The craft of jewelry reached new heights during the Middle Kingdom. On loan from the Manchester Museum is Riqqeh Pectoral, a gold cloisonné chest pendant with lapis lazuli and carnelian inlaid so that birds, eyes of Horus and flowers—principal Egyptian symbols–double to resemble a face. It’s barely 2 by 2 inches, yet the detail is spectacular.
King Tut might be the celebrity of Egyptian art, even the face of it—but what about the body of it?
The show will not have trouble conveying that, especially with some of its highlights. Just look at Head of Amenemhat III, a sculpture of a pharaoh whose reign many regard as the golden age of the Middle Kingdom.
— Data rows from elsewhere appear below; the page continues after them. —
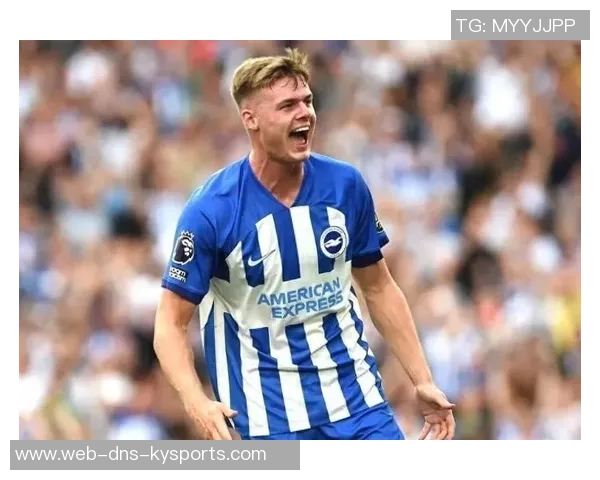 英超焦点战布莱顿对阵曼联比分预测及赛后分析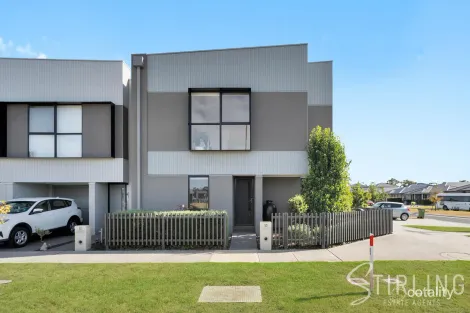 53 Edgar Ave, Cranbourne South, VIC 3977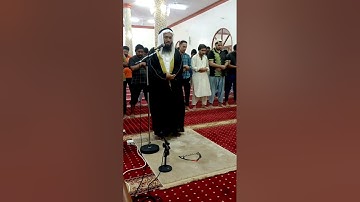 وجاءت سيارة فأرسلوا واردهم فأدلى دلوه قال يابشرى هذا غلام وأسروه بضاعة... #سورة_يوسف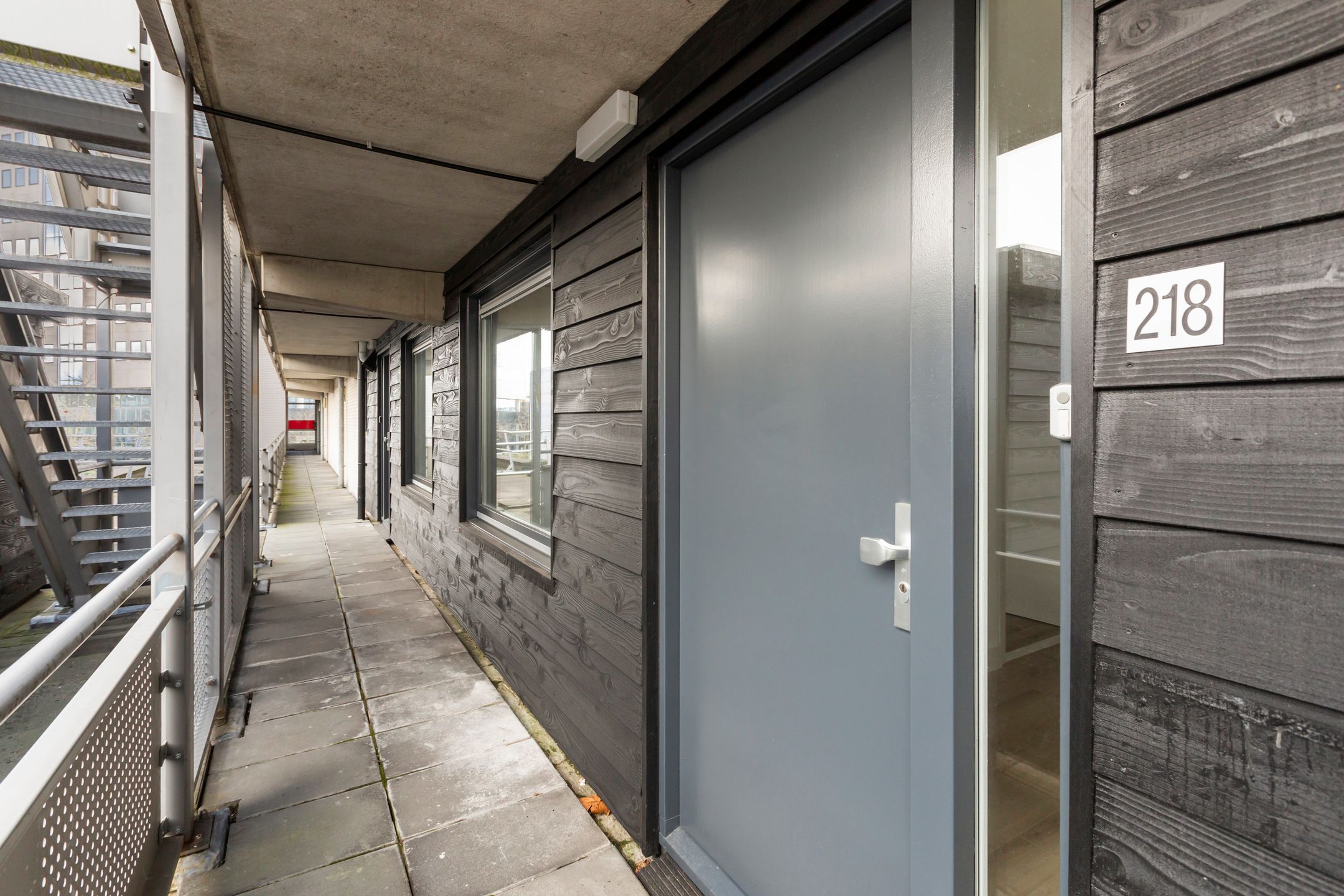 Foto 6 van Rivierweg 218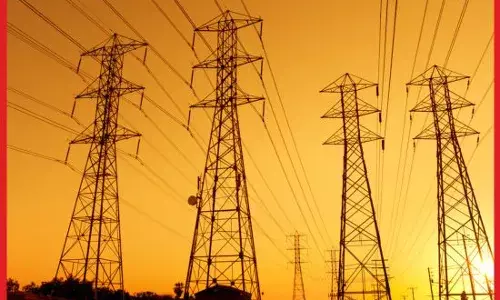 AC ਚਲਾਉਣ ਵਾਲਿਆਂ ਲਈ ਮਹਿੰਗੀ ਹੋਵੇਗੀ ਬਿਜਲੀ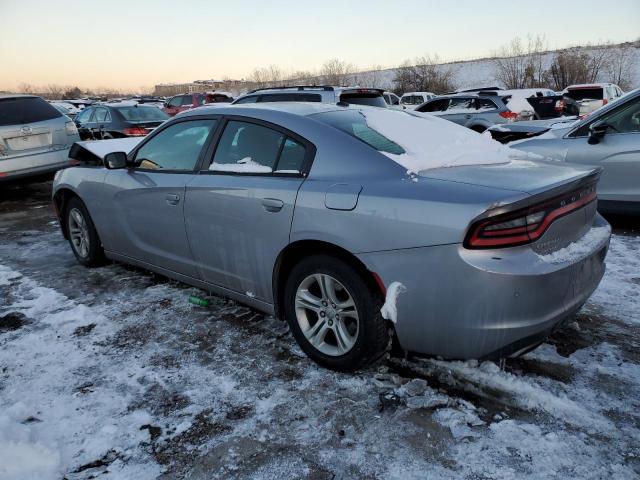 صورة رقم 2 من المزاد - 2015 DODGE CHARGER SE مع VIN 2C3CDXBG1FH752240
Folded skin, slight bags under the eyes—the 1.5-foot-tall head hailing from Copenhagen displays signs of aging, maturity and an honesty in the depiction of royalty that don’t exist in Old Kingdom art, where royalty is 17 forever.
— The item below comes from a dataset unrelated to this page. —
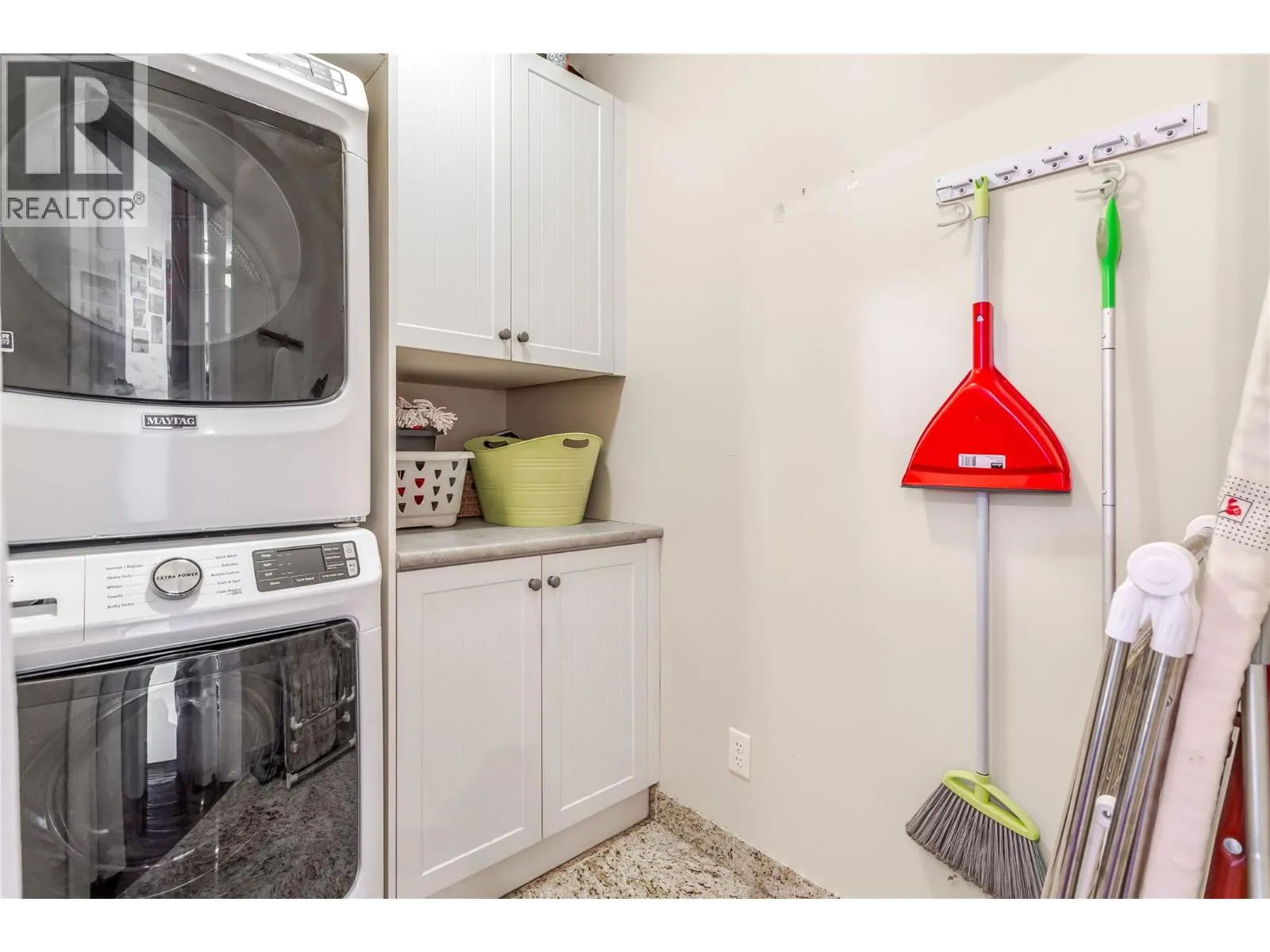 680 Lequime Road Unit# 406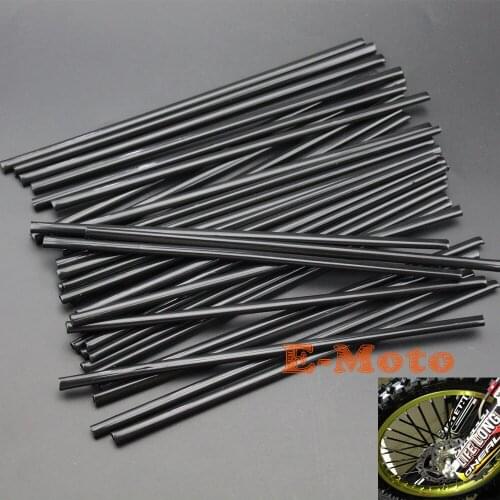 Трехколесные велосипеды P PARTS POWER China At AliExpress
“Most knowledge of Egyptian art is very rigid,” Torkom Demirjian, antiquities dealer and owner of Ariadne Galleries, told the Observer. “But here you get a sense of freedom.”
There are even family portraits, depictions of groupings of two-dozen or so relatives carved in stone, and many such images of mothers and their young children.
Nearly one-third of what will be on view comes from the Met’s extensive, world-renowned collection. The museum excavated many of its artifacts in Egypt during the early 20th century, giving the Met “a strong foundation on which to build a big exhibition,” Ms. Oppenheim said.
While the changing role of kingship will get its own section, the everyday Egyptian gets the spotlight here—a place usually occupied by figures like King Tut and Ramses. Amulets worn daily to ward off evil spirits, a wooden leonine statuette made to protect women and children, a green painted vessel depicting a funerary pilgrimage—the show will not run low on such household or ritual objects. Interestingly enough, none of this was considered art to Egyptians—they didn’t even have a word for art. Egyptians “weren’t really creating art for art’s sake the way we do today,” Ms. Oppenheim told the Observer.
The cult of Osiris, the god of the afterlife, was alive and well, and art was made more for the eyes of the gods, not for us lowly humans, so the refinement of these pieces will not disappoint. “This is not going to have the sex appeal of ‘King Tut,’ ” Mr. Demirjian told the Observer. But perhaps more of the charm and excitement of a new crush.